WHAT NEEDS TO BE DONE: Do not include the pictures; repeat the rest of the data exactly.

=== RECORDED DATA ===

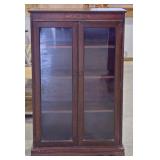 Wooden Display Cabinet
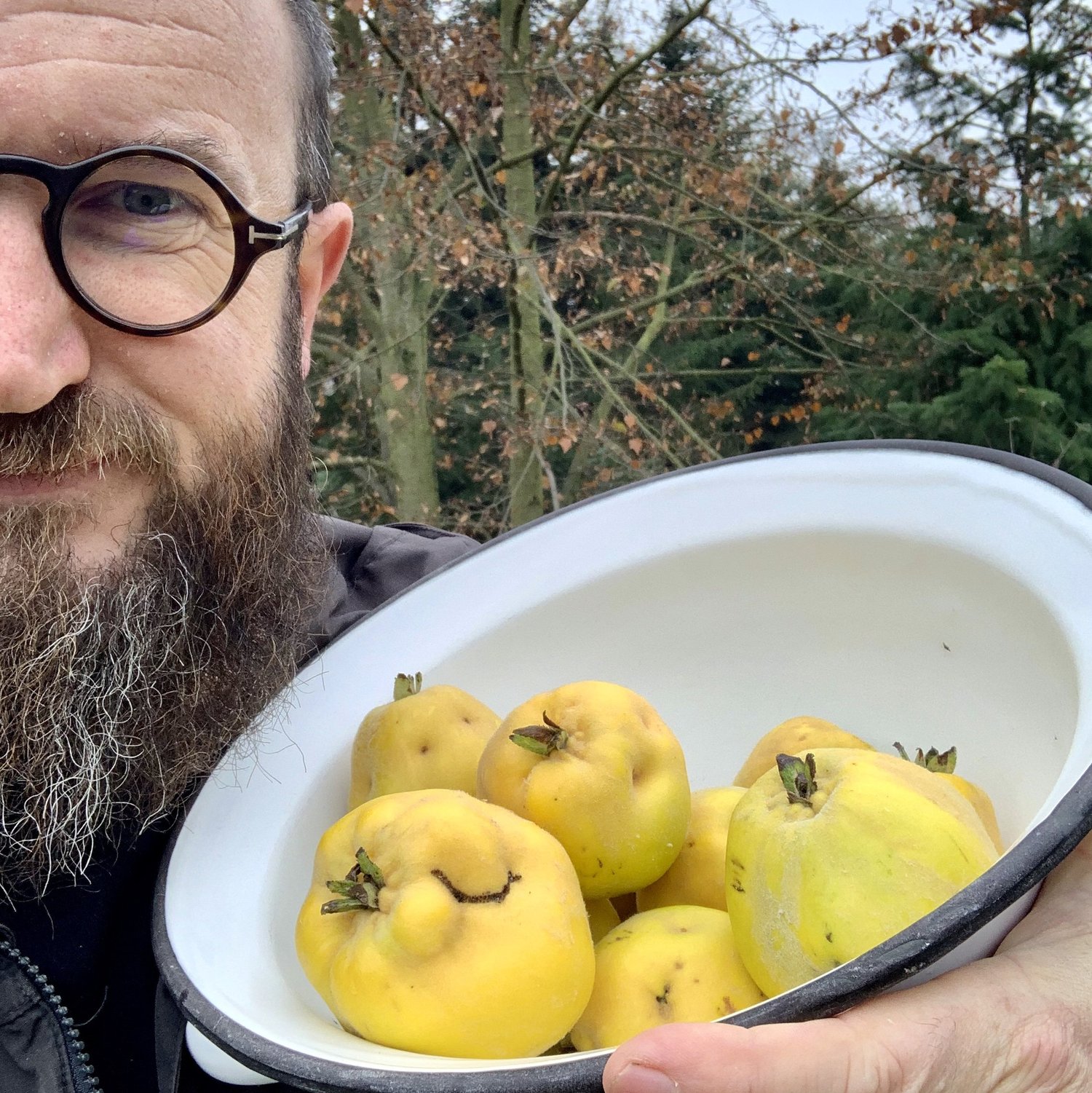 Kalendář: Listopad v přírodní zahradě… 🍂 | Přírodní zahrady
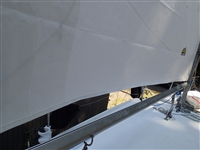 MAINSAIL, 2 REEF, COASTAL CRUISING / PERFORMANCE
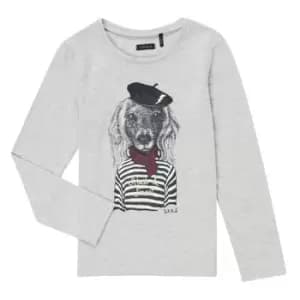 Ikks ECRU Girls in Grey ans,4 years,5 years,6 years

===

RESULT OF THIS EXERCISE:
 Wooden Display Cabinet
 Kalendář: Listopad v přírodní zahradě… 🍂 | Přírodní zahrady
 MAINSAIL, 2 REEF, COASTAL CRUISING / PERFORMANCE
 Ikks ECRU Girls in Grey ans,4 years,5 years,6 years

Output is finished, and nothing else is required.